Exercise details
Whenever a line of the material contains the string "statistics", it should be copied.

========

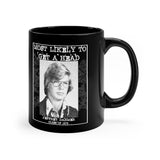 Most Likely To Get A Head - Black mug 11oz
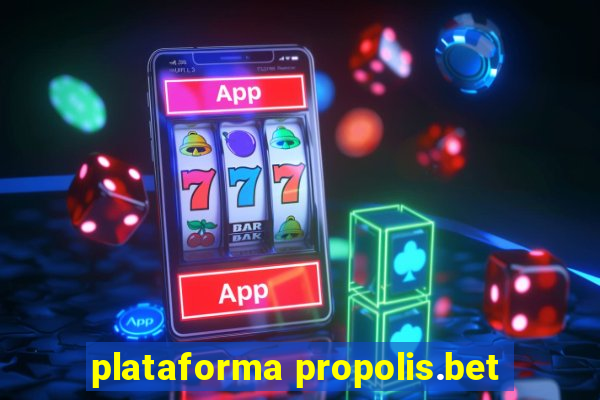 plataforma propolis.bet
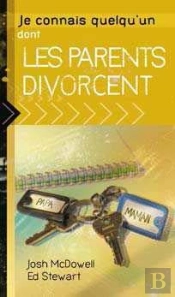 Je Connais Quelqu'Un Dont Les Parents Divorcent
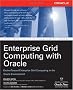 Enterprise Grid Computing with Oracle (Osborne Oracle Press Series)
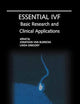 Essential IVF: Basic Research and Clinical Applications
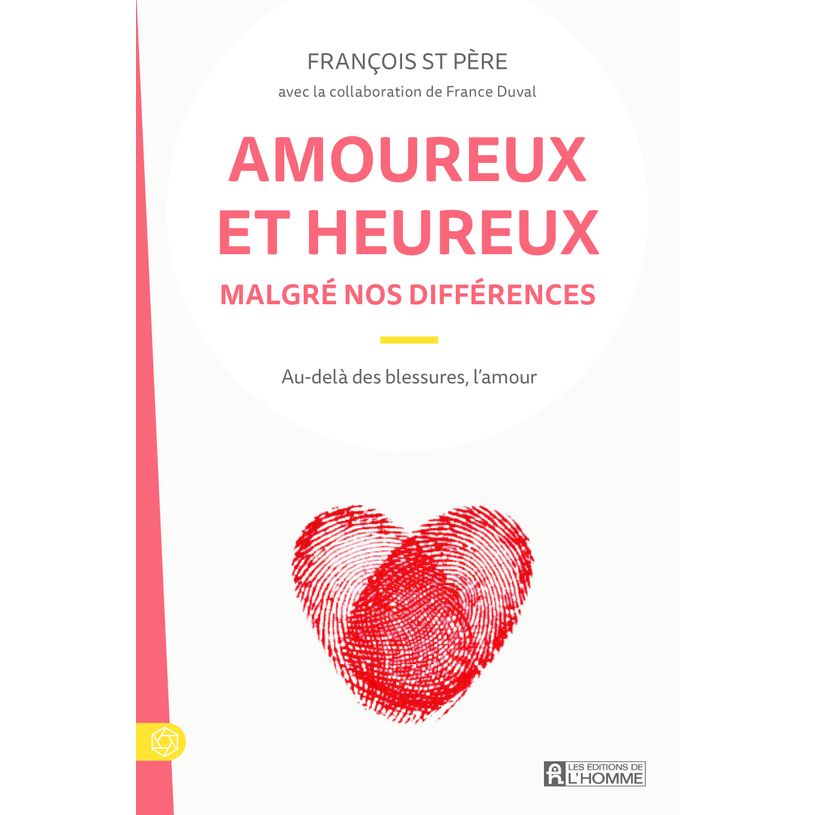 9782761957526-Amoureux et heureux malgré nos différences - Au-delà de l'amour, les blessures--0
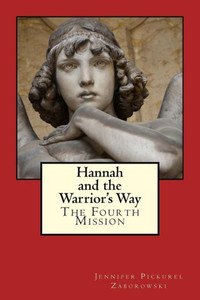 Hannah and the Warrior's Way (Hidden Realms) Hannah and the Warrior's Way (Hidden Realms)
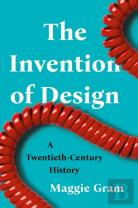 The Invention Of Design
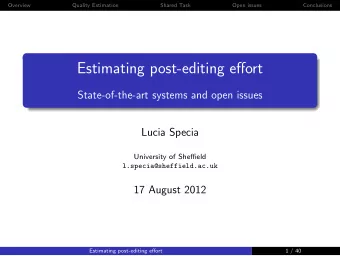 Estimating post-editing effort  State-of-the-art systems and open issues  Lucia Specia  University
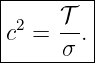 |--------|
|c2 = 𝒯-.|
------σ---
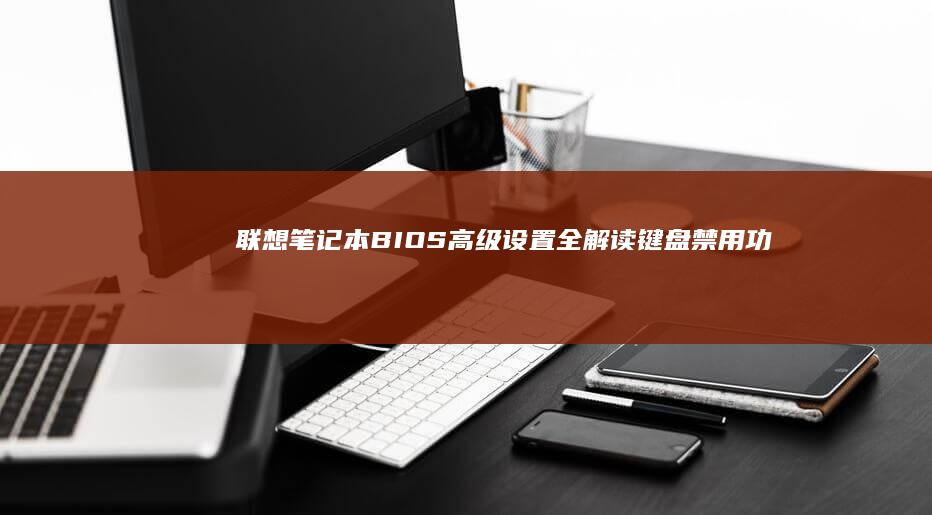 联想笔记本BIOS高级设置全解读：键盘禁用功能与其他硬件控制选项的联动影响 (联想笔记本bios怎么恢复出厂设置)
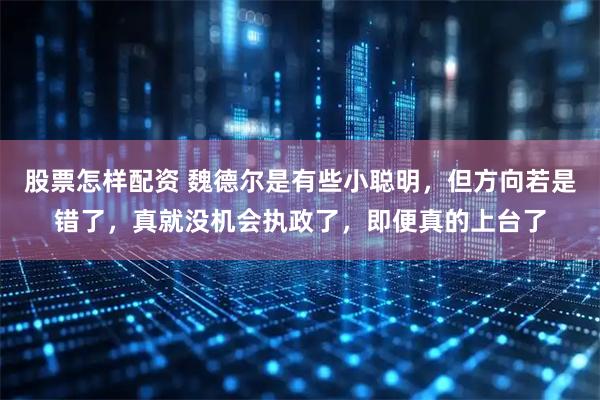 股票怎样配资 魏德尔是有些小聪明，但方向若是错了，真就没机会执政了，即便真的上台了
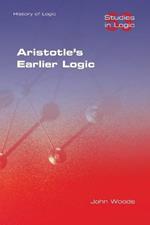 Aristotle's Earlier Logic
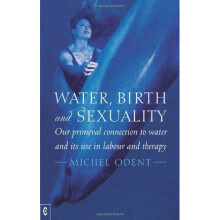 Water, Birth and Sexuality: Our Primeval Connection to Water, and its Use in Labour and Therapy
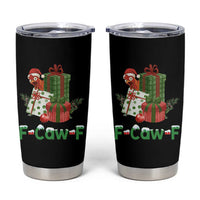 F Caw F Chicken Tumbler Cup Funny Farm Life Holiday Gift - Wonder Print Shop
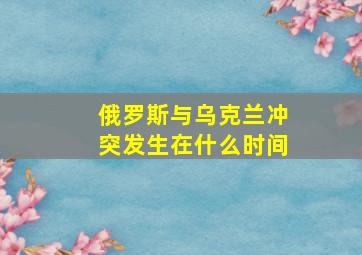 俄罗斯与乌克兰冲突发生在什么时间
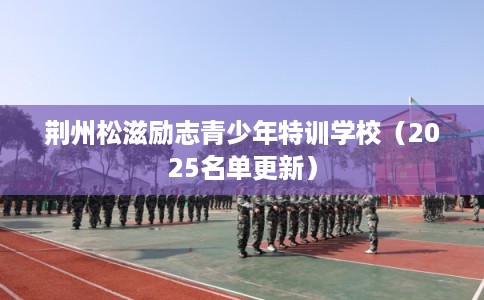 荆州松滋励志青少年特训学校(2025名单更新) 荆州松滋励志青少年特训学校(2025名单更新)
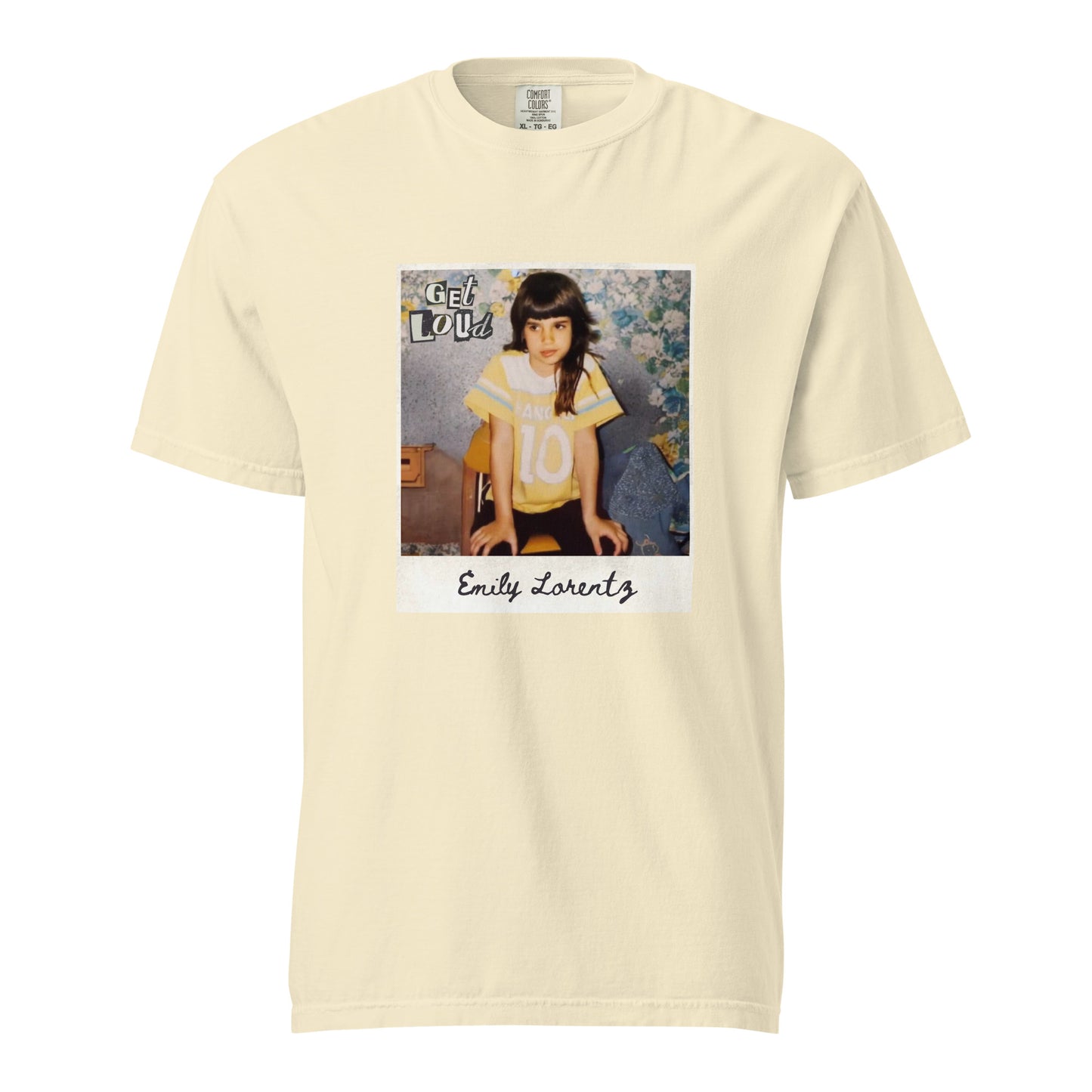 Get Loud Emily Lorentz Comfort Colors Unisex garment-dyed heavyweight t-shirt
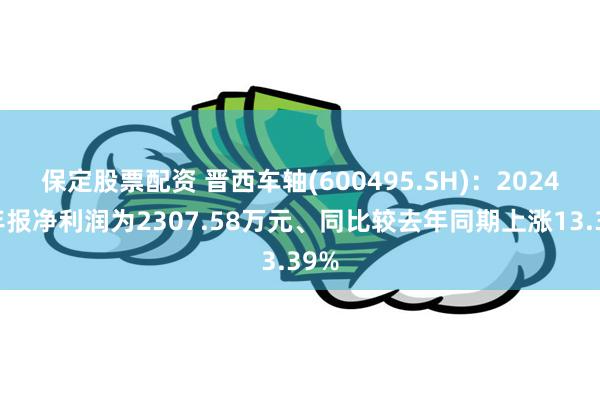 保定股票配资 晋西车轴(600495.SH)：2024年年报净利润为2307.58万元、同比较去年同期上涨13.39%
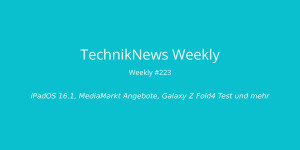Beitragsbild des Blogbeitrags TechnikNews Weekly #223: iPadOS 16.1, MediaMarkt Angebote, Galaxy Z Fold4 Test und mehr
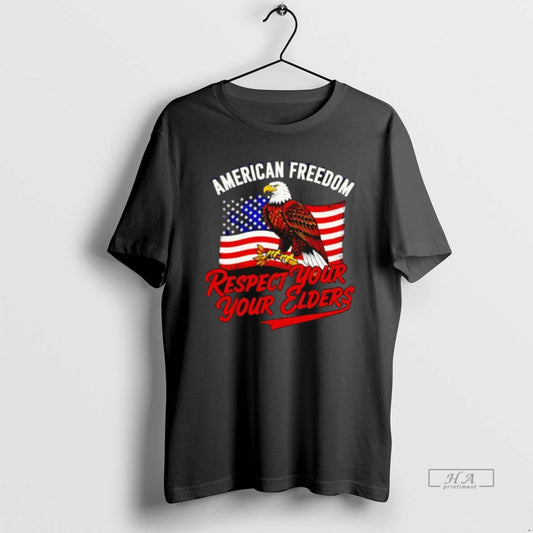 Official Respect Your Elders American Freedom Patriotic Graphic T-Shirts, Hoodie, Sweatshirt | AU18TeeNovaLab.com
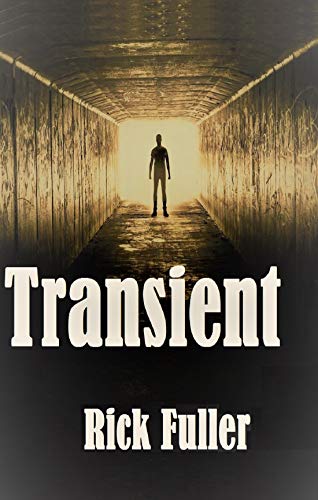  Transient  by Rick Fuller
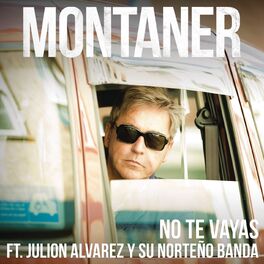 Album cover of No Te Vayas (feat. Julion Alvarez y Su Norteño Banda) (Versión Norteño Banda)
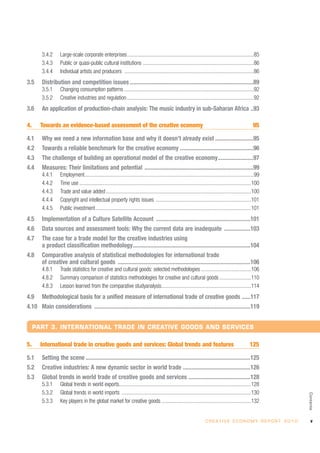 3.4.2      Large-scale corporate enterprises................................................................................................85
        3.4.3      Public or quasi-public cultural institutions ....................................................................................86
        3.4.4      Individual artists and producers ..................................................................................................86
3.5     Distribution and competition issues ....................................................................................89
        3.5.1      Changing consumption patterns ..................................................................................................92
        3.5.2      Creative industries and regulation ................................................................................................92
3.6     An application of production-chain analysis: The music industry in sub-Saharan Africa ..93

4.     Towards an evidence-based assessment of the creative economy                                                                                         95

4.1     Why we need a new information base and why it doesn’t already exist ..........................95
4.2     Towards a reliable benchmark for the creative economy ..................................................96
4.3     The challenge of building an operational model of the creative economy........................97
4.4     Measures: Their limitations and potential ..........................................................................99
        4.4.1      Employment................................................................................................................................99
        4.4.2      Time use ..................................................................................................................................100
        4.4.3      Trade and value added ..............................................................................................................100
        4.4.4      Copyright and intellectual property rights issues ........................................................................101
        4.4.5      Public investment......................................................................................................................101
4.5     Implementation of a Culture Satellite Account ................................................................101
4.6     Data sources and assessment tools: Why the current data are inadequate ..................103
4.7     The case for a trade model for the creative industries using
        a product classification methodology................................................................................104
4.8     Comparative analysis of statistical methodologies for international trade
        of creative and cultural goods ..........................................................................................106
        4.8.1      Trade statistics for creative and cultural goods: selected methodologies ......................................106
        4.8.2      Summary comparison of statistics methodologies for creative and cultural goods ........................110
        4.8.3      Lesson learned from the comparative studyanalysis....................................................................114
4.9     Methodological basis for a unified measure of international trade of creative goods ......117
4.10 Main considerations ..........................................................................................................119


     PART 3. INTERNATIONAL TRADE IN CREATIVE GOODS AND SERVICES

5.     International trade in creative goods and services: Global trends and features                                                                     125

5.1     Setting the scene ................................................................................................................125
5.2     Creative industries: A new dynamic sector in world trade ..............................................126
5.3     Global trends in world trade of creative goods and services ..........................................128
        5.3.1      Global trends in world exports....................................................................................................128
        5.3.2      Global trends in world imports ..................................................................................................130
                                                                                                                                                                             Contents




        5.3.3      Key players in the global market for creative goods ....................................................................132


                                                                                                                          C R E AT I V E E C O N O M Y R E P O R T 2 0 1 0      v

========

Task solution
        4.8.1      Trade statistics for creative and cultural goods: selected methodologies ......................................106
        4.8.2      Summary comparison of statistics methodologies for creative and cultural goods ........................110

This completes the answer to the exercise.